Art has a great capacity to help us transcend this world to touch that Something More that we all yearn for, because art is an act of the soul. And creating art is an act of vulnerability and risk because it enables us a glimpse into another’s soul… that is sacred in and of itself.
But more than that, art points beyond itself. It leads us into the emotional, experiential world where we are drawn into sadness, joy, despair, hope and so much more. Art has the capacity to connect us with our hearts, which is where we find our connection to the Divine. Marcus Borg, in his book “The God We Never Knew” explains,
“Spirituality is thus for the hatching of the heart. Whatever helps to open our hearts to the reality of the sacred is what we should be engaged in.”
Spirituality is far beyond the judgmental, finger-pointing God that many people grew up with. Spirituality is even beyond the prayers, hymns, and liturgy of the church. Spirituality is about opening the heart to God. It is about epiphanies, the aha moments when we recognize the presence of the Divine here and now.
The Yale Divinity School magazine, Reflections, published an issue in 2015 focusing on questions of art and religion. They invited some of their graduate students, who also had, or were working on, degrees in the arts to contribute their thoughts. There were three that struck a chord for me.
Megan Mitchell, a master’s student in religion and the arts spent time helping to create public murals not only in the U.S., but also in Africa and Haiti. What she discovered is that art opens a space for listening and attention. She comments, “That’s what the world needs now: space to take notice of each other, our own souls, and the still small voice of [God]…”
Jeremy Hamilton-Arnold, a master’s student in religion and the visual arts and material culture, spoke of watching people who came to visit the art Gallery at Yale where he worked. Religious and non-religious groups alike “venerate their favorite artists and works. They uplift the art museum space as “sacred,” comporting themselves with religious-like postures. They hush and clasp their hands before dimly lit images. The works seem to elicit awe and reverence.”
And Meredith Jane Day, a Master’s of Divinity student and a member of the Yale Institute of Sacred Music related a story of preparing for Advent that year. She and a small group of 20 people all gathered for eight hours in a library in New York City to spend time in silence, wonder and discussion about the season.

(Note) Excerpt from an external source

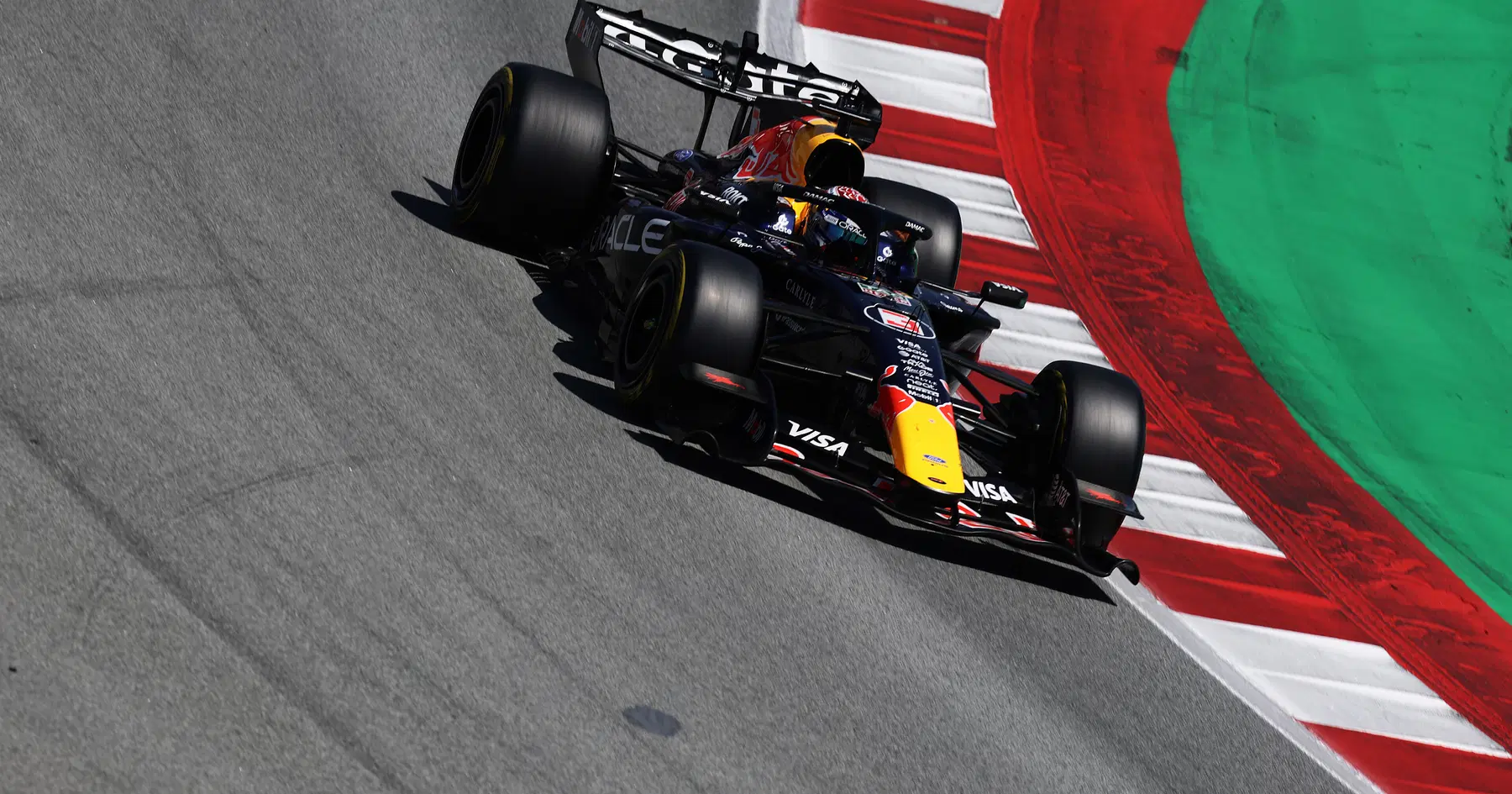 Red Bull hat behauptet, dass es intern „kämpft“, da Max Verstappen weiterhin frustriert ist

To facilitate the day, the group was shown photos of famous paintings from the Metropolitan Museum of Art. Meredith commented that, “The room was full of brilliant seminarians, clergy, and academics, but it was the art that gave us something we could not have offered on our own. It provided a spiritual avenue for confronting our humanity, at the same time assuring us of a mysterious glory within.”
To bring us full circle and answer some of the questions we started with…
Clearly, yes, art can be a way to experience the Divine. It can provide the potential for epiphanies … unexpected, potent moments where the Spirit breaks in. Art can facilitate a deeper listening and attention to God, but also to one another, and oneself. Art draws us into a space of reverence, awe and a sense of the holy. And, art helps us to delve into aspects of our shared humanity, while drawing us deeper into the ineffable presence of God within.
Church and life without the arts would be significantly lessened, and our ways to the Divine curtailed, were we to omit art as too secular, or too sensuous, or too frivolous.
Perhaps in the strictest sense, art in the life of faith is a luxury (certainly we can exist without it… unlike food, water and shelter). But who would want to? Truly we are so blessed by the artists in our midst – the painters, writers, sculptors, dancers, photographers, and so many others – how can their gifts not be of God? So, if the gift of art, done with heart, is a gift of the soul and a gift of the Divine, if it helps us transcend this plane of existence and experience Something More, then perhaps, by design, it is necessary.